Hindustan Petroleum Corporation has reported a net profit of Rs 2,725 crore for the quarter ended December 31, 2011, up from Rs 211 crore in the same period last year.
However, April-December still shows a net loss of Rs 3,720 crore, against a profit of Rs 416 crore. Interest costs for the nine months were also higher at Rs 1,707 crore (Rs 658 crore).
Net sales this quarter totalled Rs 47,917 crore, 41 per cent higher than Rs 33,902 crore in the quarter of 2010-11. The HPCL scrip closed 0.59 per cent higher at Rs 287.50 on Thursday.
According to the company, the turnaround this quarter was largely a result of higher discounts on crude and petro-products bought from the upstream combine of ONGC and GAIL. For the nine months ended December 31, the duo pooled in Rs 8,080 crore (Rs 3,420 crore) as part of the subsidy support mechanism to their refining counterparts.

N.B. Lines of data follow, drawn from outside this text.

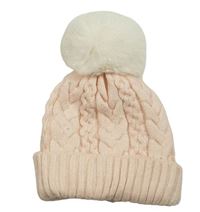 Svetloružová pletená čapica s brmbolcom Laura Ashley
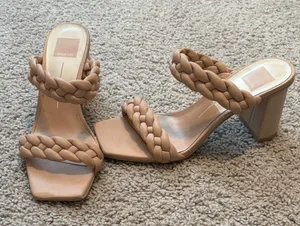 Dolce Vita Tan Braided Heeled Sandals With Chunky Heels thumbnail 1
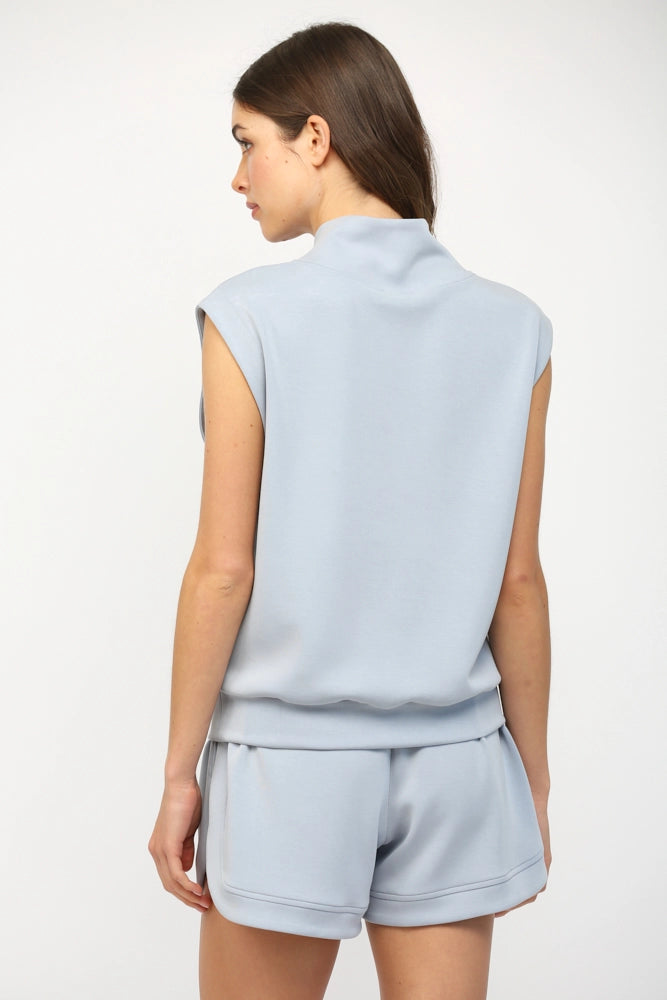 Modal Blend Sleeveless Zip-Up Top
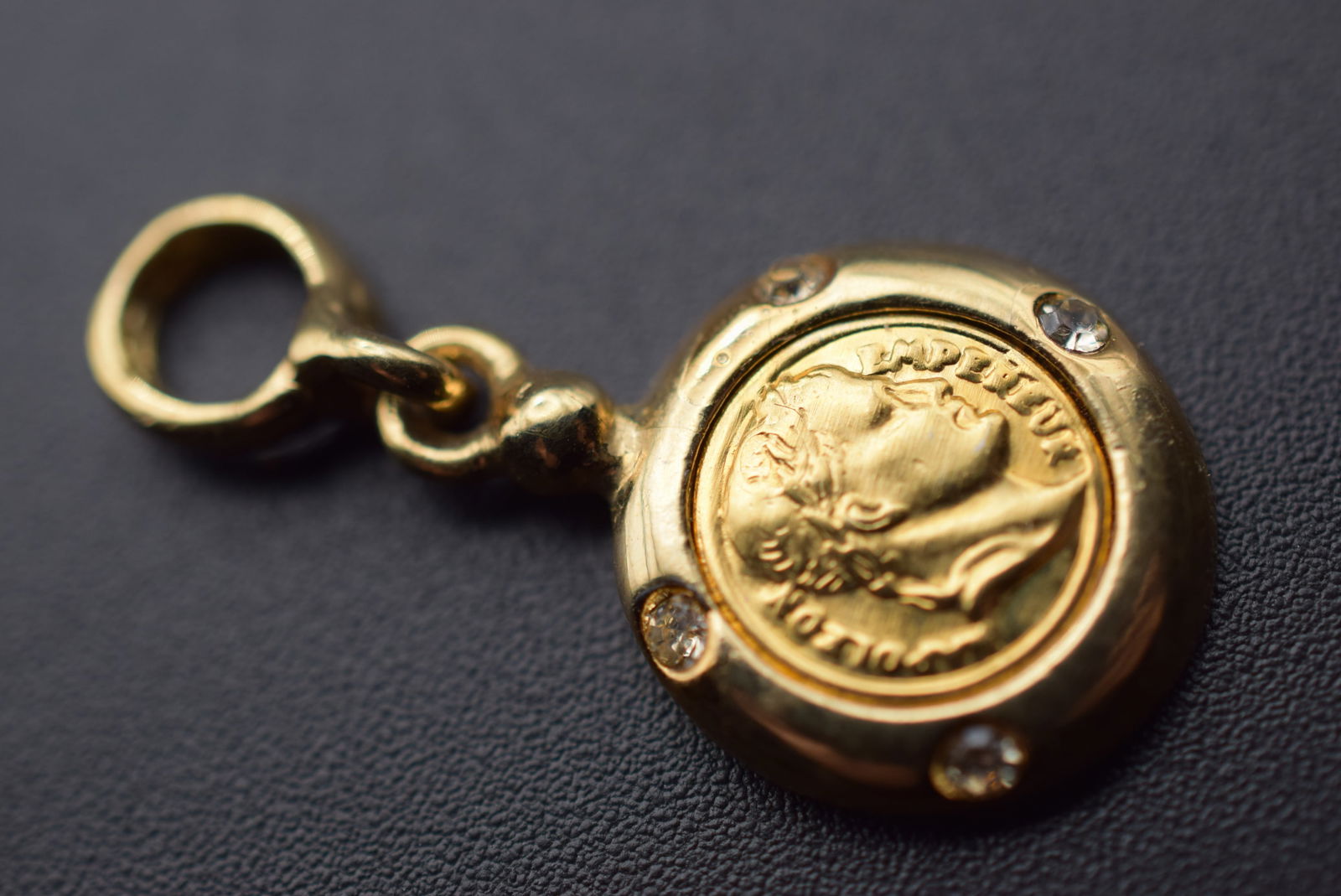 Napolean Cameo Pendant Charm Rhinestone Lot# DG 1008: Napolean Cameo Pendant Charm Rhinestone Measures 5/8" in diameter plus the bale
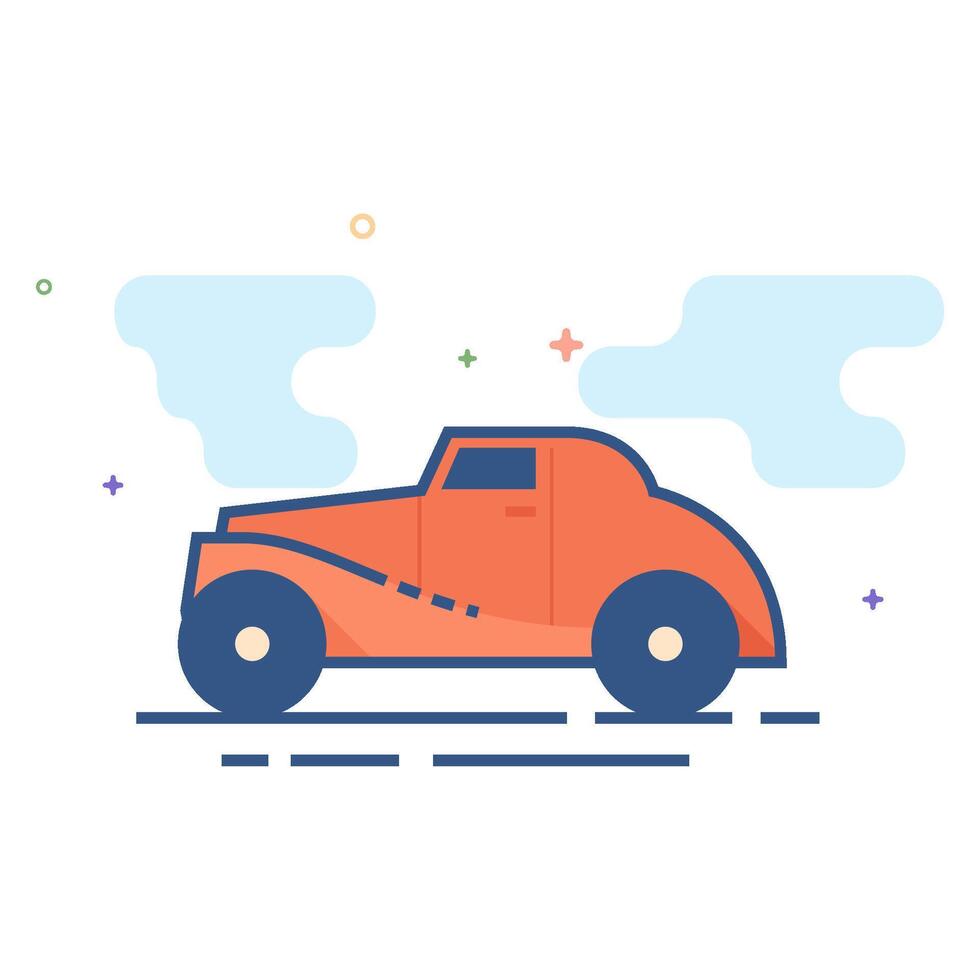 Clásico coche icono plano color estilo vector ilustración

Though this compensation is confined to a third of fuel losses as per the Government formula, the upstream companies' actual outgo has been closer to 38 per cent. In the case of HPCL, the potential losses for the fourth quarter on sale of subsidised fuels as well as the Rs 3,720 crore accumulated so far can only be covered with heftier discounts from ONGC and GAIL. As a result, these upstream companies could end up bearing nearly 39 per cent of fuel losses for the whole of 2011-12.